Photoinduced isomers can be generated in a variety of compounds, each having its specific structural response and wavelength sensitivity. This gives rise to interesting properties such as photochromism and photorefractivity for holographic data storage and optical switches. Fundamental questions in this context are to what extent the electron density distribution in the photo-generated isomer has changed with respect to the ground state configuration, as well as how the structural and electronic characteristics of the photoswitches are linked to the thermal stability and optical properties of the photoproducts.
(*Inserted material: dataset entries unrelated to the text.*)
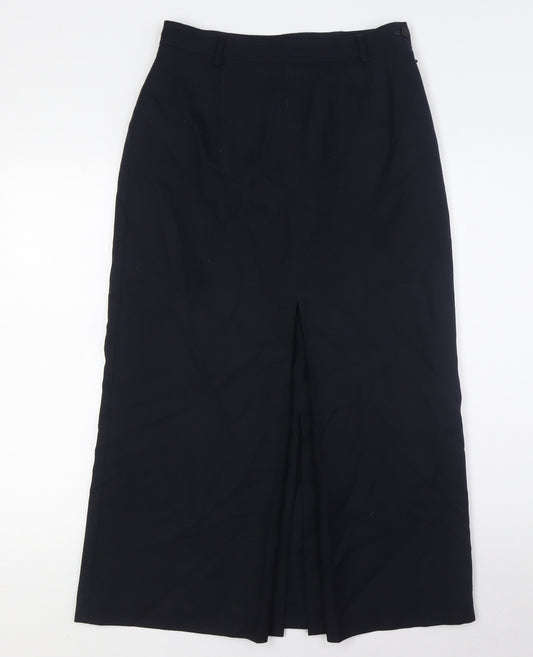 Viyella Womens Blue Polyester A-Line Skirt Size 12 Zip - Pleated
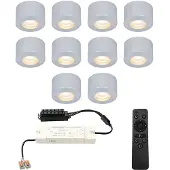 HOFTRONIC™ LED Aufbaustrahler 12V 3W 200lm Dimmbar 2700K IP44 Grau 10er Set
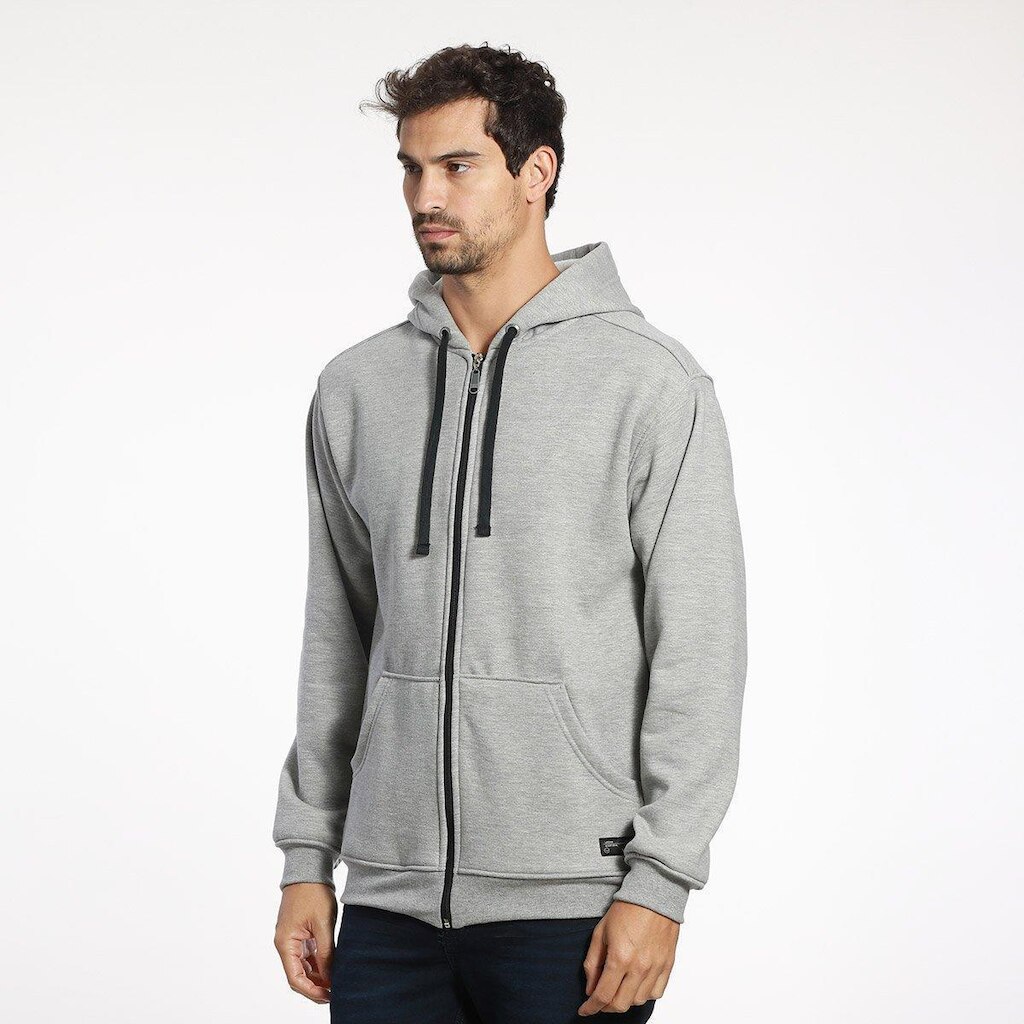 Blusa Masculina Moletom Ziper e Capuz VLCS Cinza Claro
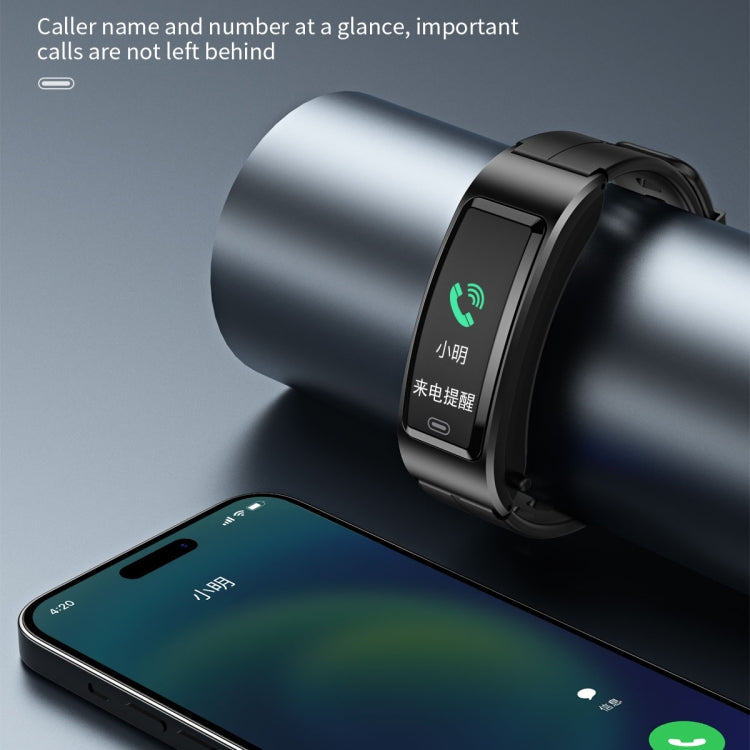 B7 Bluetooth Earphone Smart Bracelet, Support Sleep Monitoring / Blood Oxygen Monitoring / Heart Rate Monitoring(Gold + Black Silicone Strap) -  by PMC TechLife | Online Shopping South Africa | PMC TechLife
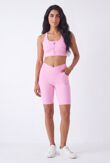 Pink Zip Front Printed Gym Crop Top With Cycling Short Set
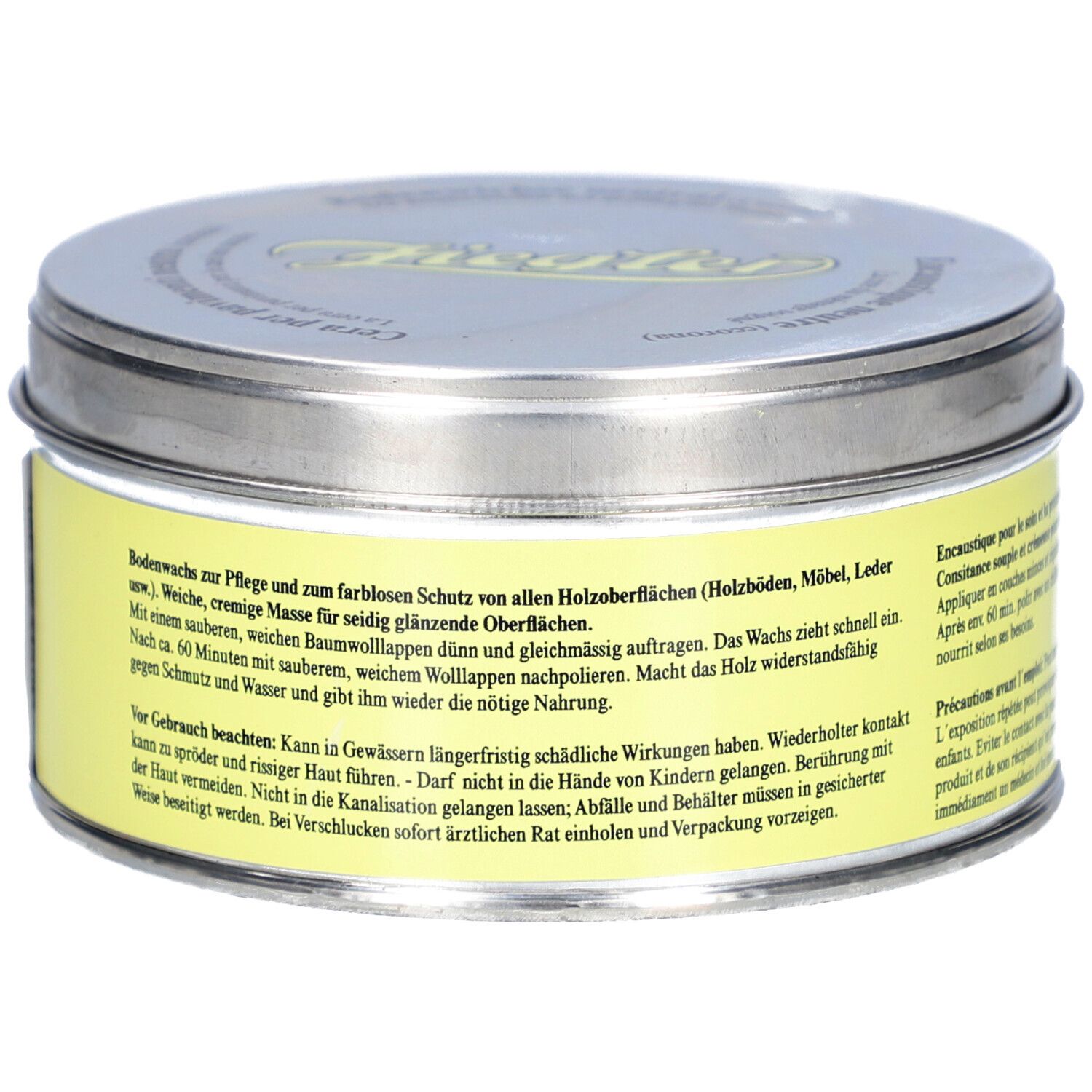 Runde Dose mit gelbem Etikett. Text: ZIEGLER, Bodenwichse neutral. Produktinformationen in deutscher Sprache.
In this communicatioin we present solid-state NMR results obtained on the complex trans-[Ru(py)4(15NO) F](ClO4)2,.where the quasi-fourfold axis F-Ru-15N-O is nearly linear in the ground state and the unit cell contains two crystallographic independent molecular units. Upon irradiation, two metastable linkage isomers can be generated, one by rotating NO by about 90° (MS2) and one by an inversion of the NO ligand by 180° (MS1). We show here the successful low temperature trapping and SSNMR observation of the diamagnetic light induced metastable state MS1. In order to gain insight into the bonding properties and changes of the electron density upon photo-isomerization, we compare the 15N and 19F solid-state NMR results with those obtained from DFT calculations based on our recent X-ray diffraction measurements. Interestingly, we observe different commutation properties within the same crystal for the two inequivalent cations and supply an explanation based on local changes in electron density and orbital populations provided by the DFT calculations.